AP HEISMAN: Young fended off trouble growing up, discovered glory and success in Texas
December 7, 2005
AUSTIN, Texas – Seventh-grader Vince Young toiled away in his yard, raking leaves and piling them in bags. Each time he finished, his mother would dump them out and tell him to do it again.
It was his punishment for participating in a gang fight, and it was torture.
Felicia Young wanted him to hate it. Having struggled with drugs and alcohol for years, and with Vince’s father’s in jail most of her son’s life, she was trying to scare the kid straight.

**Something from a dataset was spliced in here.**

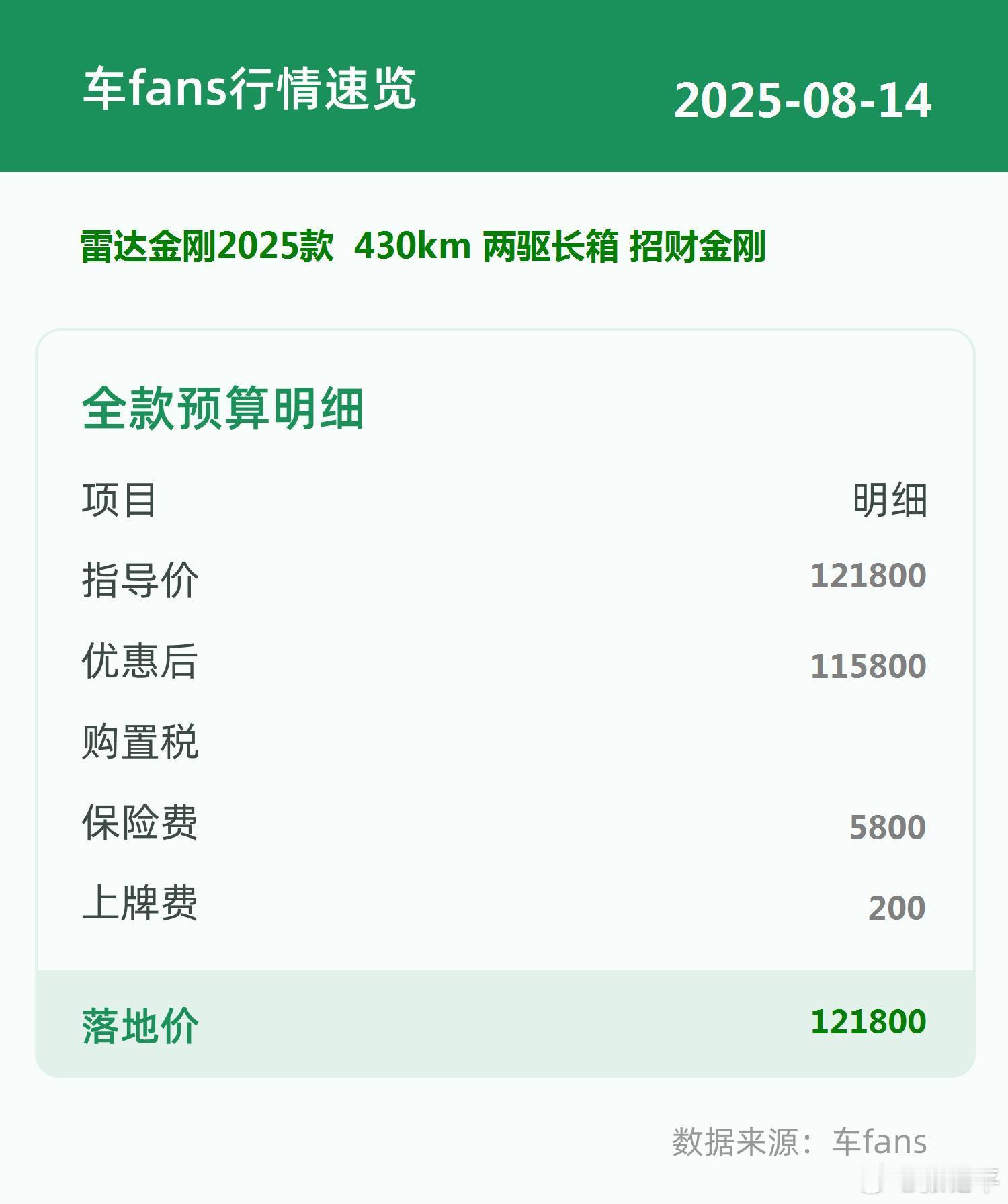 车fans买车情报行情四连：捷豹XFL、星瑞、二代大狗、雷达金刚。最近怎么时不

“She told me I’d end up dead or in jail,” Young said, recalling his childhood in Houston, “walking with the wrong crowd and getting gunshots shot at you, trying to avoid a bullet.
“When I was raking those leaves, I thought about that,” he said. “I started really working on football and school more, and that was that.”

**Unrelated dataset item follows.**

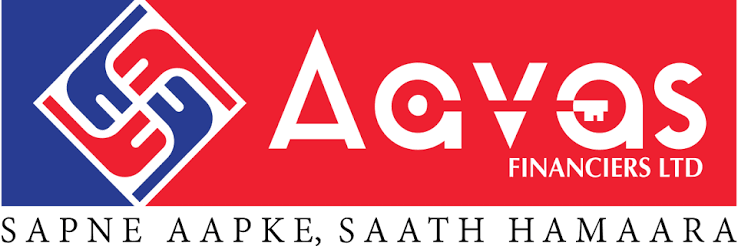 Aavas Financiers Ltd.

“That” became the unleashing of an elusive, strong-armed quarterback who became a local legend in a city as big as Houston and has become an even bigger star at the University of Texas.
Young has led the No. 2 Longhorns to 19 straight wins and a Rose Bowl showdown with No. 1 Southern California for the national championship. He’s done it in such a spectacular way that on Saturday he’ll likely be in New York as a finalist for the Heisman Trophy, trying to join Earl Campbell and Ricky Williams as the only Longhorns to win the award.
His top competition comes from the guys Texas will have to stop Jan. 4. Trojans running back Reggie Bush and quarterback Matt Leinart, who won the award last season.
Young’s supporters see him as the best of both. As a quarterback, he’s the team’s leader, like Leinart, yet as a phenomenal athlete capable of making eye-popping plays, he’s every defensive coordinator’s nightmare, like Bush.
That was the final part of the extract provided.